La ville universelle
Au lendemain de la victoire sur Carthage (202 av. J.-C.), Rome n’a plus de rivale et consacre des moyens jusque-là mobilisé par la guerre à sa transformation. Les contacts noués avec le monde grec ont fait comprendre aux Romains leur retard. La censure de Caton est à cet égard décisive avec la réfection du grand égout (cloaca maxima), de nouvelles canalisations et l’édification d’une basilique. La ville s’agrandit en même temps que s’embellit l’espace public où sont exposées les nombreuses statues grecques prises à l’ennemi.
En 133 av. J.-C., l’assassinat de T. Gracchus marque l’irruption de la violence politique dans l’espace civique et fait entrer le monde romain dans une crise d’un siècle. La période des guerres civiles qui s’ouvre ensuite voit une intense rivalité entre les grands personnages pour s’approprier l’espace urbain dont témoigne le complexe architectural inauguré par Pompée en 55 av. J.-C. Ce dernier a contourné l’interdiction séculaire de construire un théâtre en dur visant à éviter de donner à la plèbe un lieu de réunion – et donc de sédition – en lui adjoignant un temple de Vénus, transformant son bâtiment de spectacle en un édifice religieux. Dans le même ordre d’idées, certains bâtiments dont le nom est lié à un adversaire politique sont détruits pour en faire disparaître la mémoire de l’espace public.
L’avènement d’Auguste introduit une rupture. De nouvelles pratiques transforment l’espace urbain, le réinvente même. L’empereur monopolise la politique édilitaire et renforce son lien avec le peuple par l’aménagement de l’Urbs. La construction du temple de Mars Vengeur symbolise le changement de régime.

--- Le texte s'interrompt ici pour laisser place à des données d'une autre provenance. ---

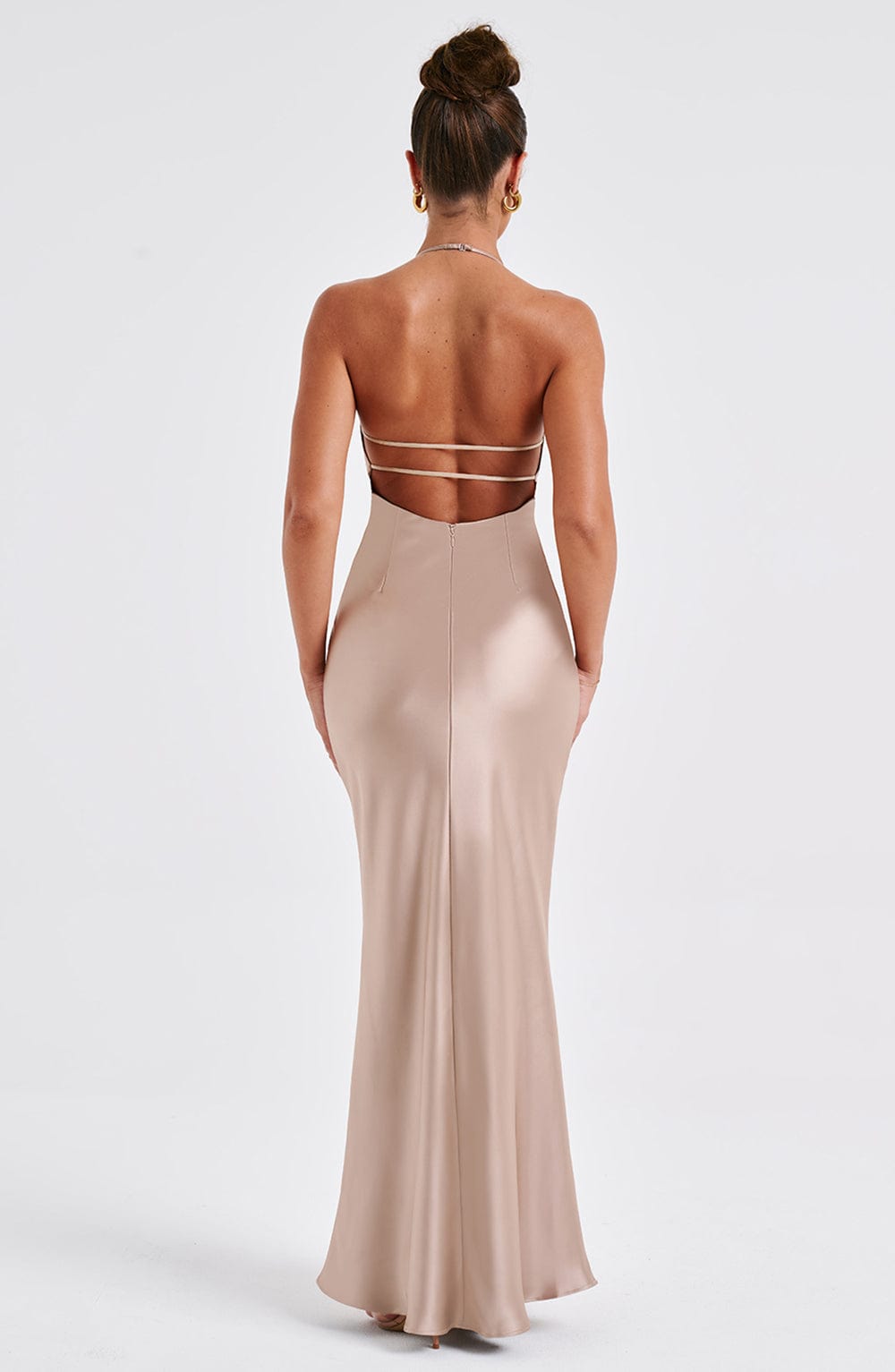Ana Maxi Dress - Champagne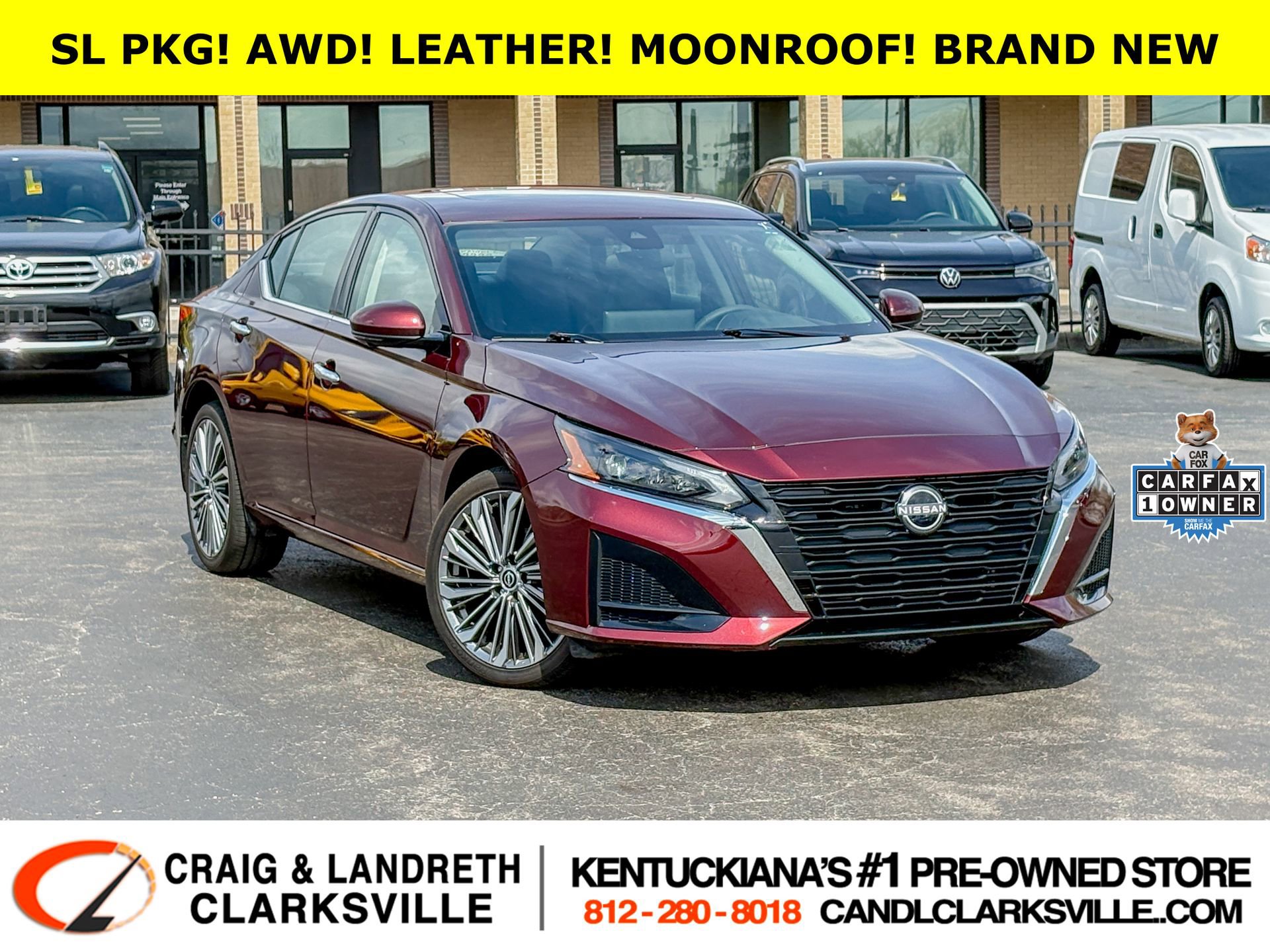 Used 2025 Nissan Altima 2.5 SL AWD/4WD image 1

Les magistrats partant pour les provinces, les jeunes prenant leur toge d’adulte, autant de rituels qui se tenaient au Capitole, ont désormais lieu dans le temple construit par l’empereur. Ce dernier affirme au soir de sa vie avoir transformé une ville de briques en une ville de marbre. Ce propos exagéré traduit son attention pour sa capitale dont le gigantisme pose de constants défis de gestion auxquels répondent de nouveaux outils : redécoupage administratif, préfecture de l’annone, préfecture urbaine etc.
Un ouvrage accessible à tous
A travers son histoire de l’Urbs, Alexandre Grandazzi rend accessible à tous la compréhension de l’histoire de Rome. L’ouvrage, servi par une écriture fluide, est animé par une volonté d’accès la plus large possible sans rien sacrifier à la précision. Les notes ont été reléguées en fin d’ouvrage pour faciliter la lecture et les noms propres sont limités pour réduire les risques de confusion induits par la patronymie romaine. Le ton choisi, celui du récit, est une invitation à la flânerie dans l’espace et le temps de cette ville au destin singulier qui n’en finit pas de fasciner.